- Task details:
Each entry below must be repeated exactly, with pictures left out.

- Source data:
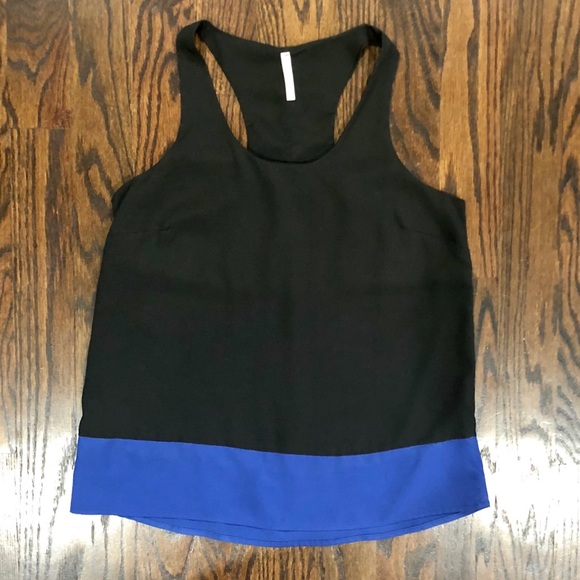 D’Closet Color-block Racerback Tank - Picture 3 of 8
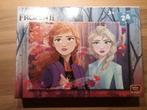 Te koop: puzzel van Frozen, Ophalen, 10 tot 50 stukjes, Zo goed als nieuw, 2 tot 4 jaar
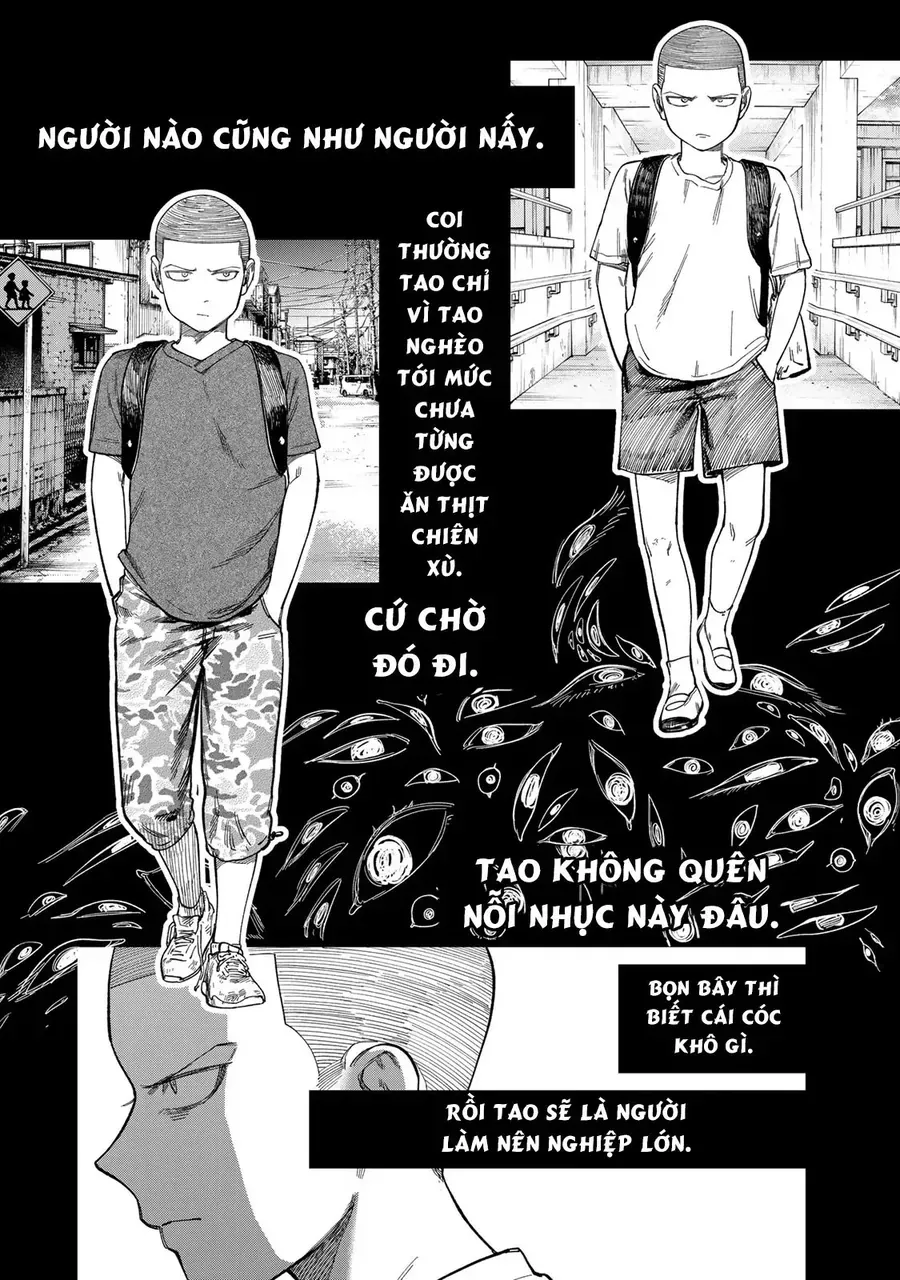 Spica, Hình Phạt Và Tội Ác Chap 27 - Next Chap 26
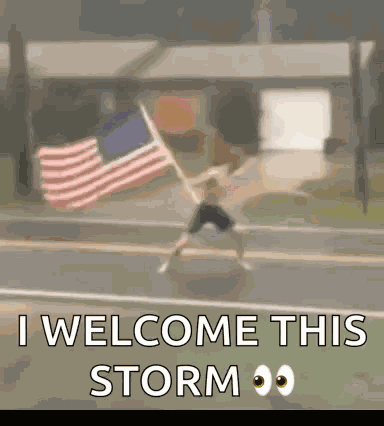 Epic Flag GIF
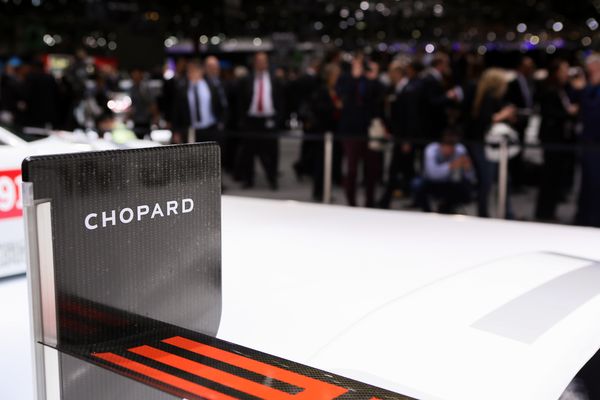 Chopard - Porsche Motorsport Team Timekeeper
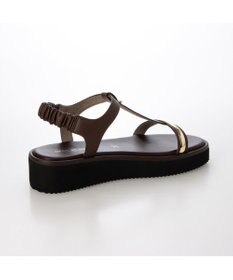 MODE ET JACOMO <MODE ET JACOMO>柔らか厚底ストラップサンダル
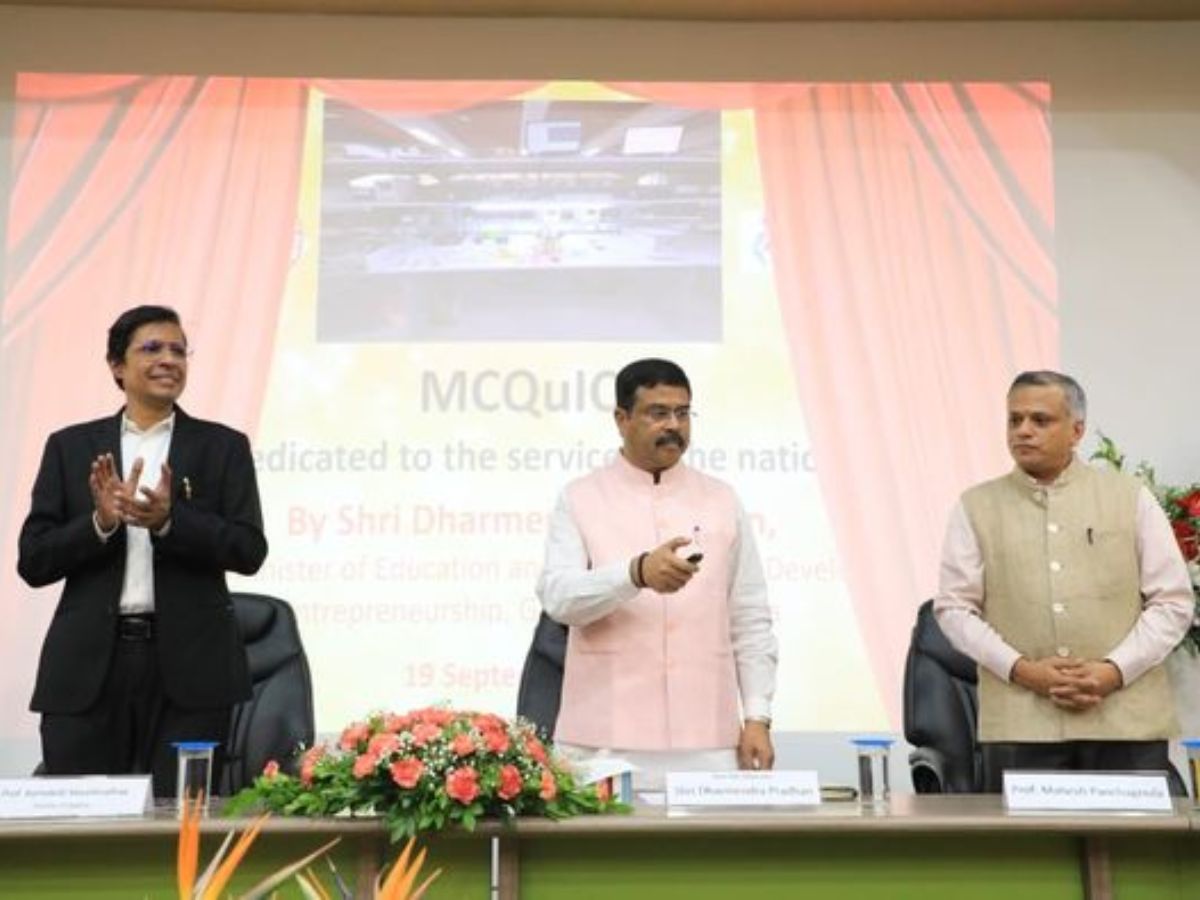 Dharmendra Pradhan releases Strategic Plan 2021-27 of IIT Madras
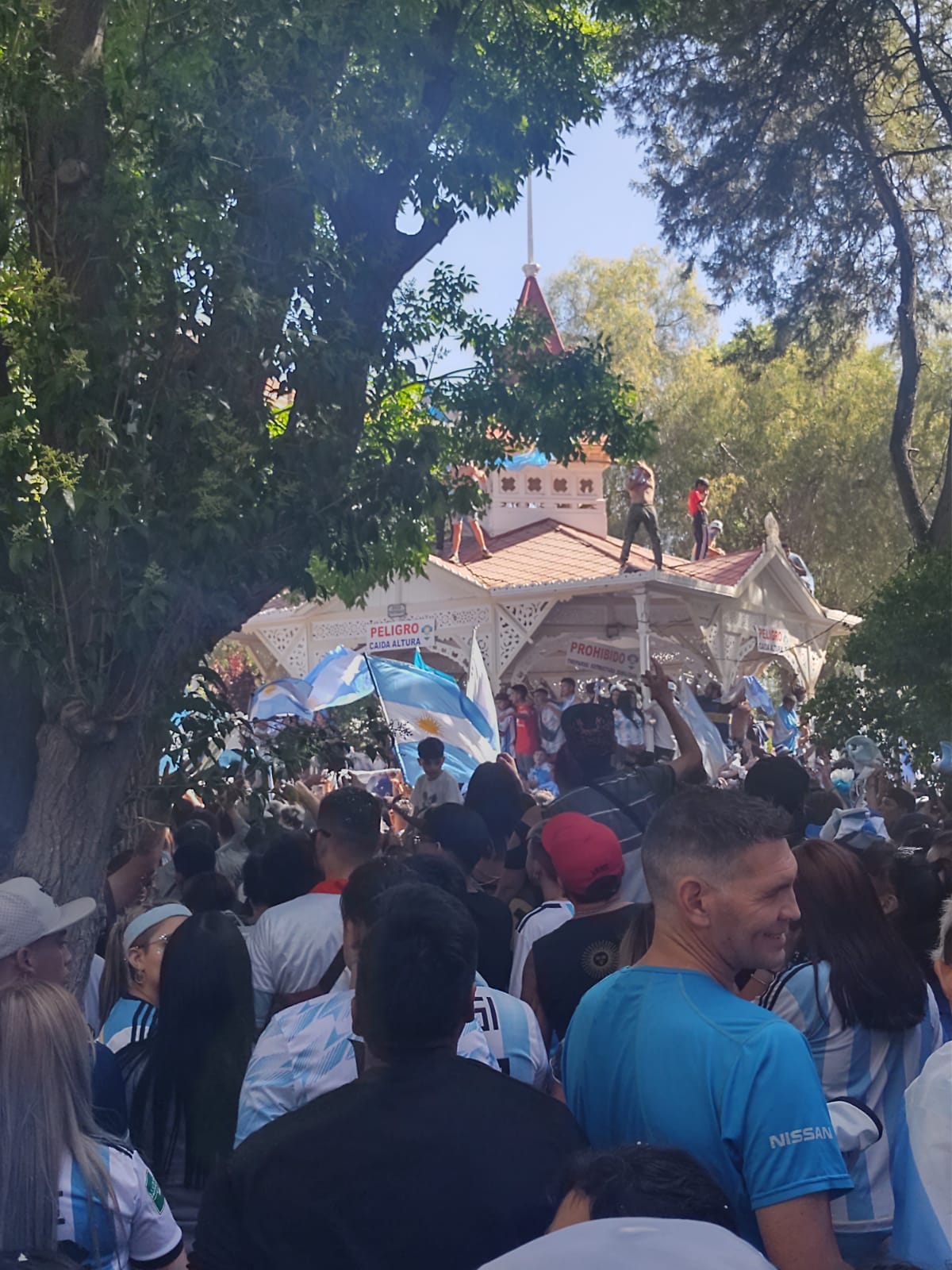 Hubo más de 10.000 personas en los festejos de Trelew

- Written answer:
 D’Closet Color-block Racerback Tank - Picture 3 of 8
 Te koop: puzzel van Frozen, Ophalen, 10 tot 50 stukjes, Zo goed als nieuw, 2 tot 4 jaar
 Spica, Hình Phạt Và Tội Ác Chap 27 - Next Chap 26
 Epic Flag GIF
 Chopard - Porsche Motorsport Team Timekeeper
 MODE ET JACOMO <MODE ET JACOMO>柔らか厚底ストラップサンダル
 Dharmendra Pradhan releases Strategic Plan 2021-27 of IIT Madras
 Hubo más de 10.000 personas en los festejos de Trelew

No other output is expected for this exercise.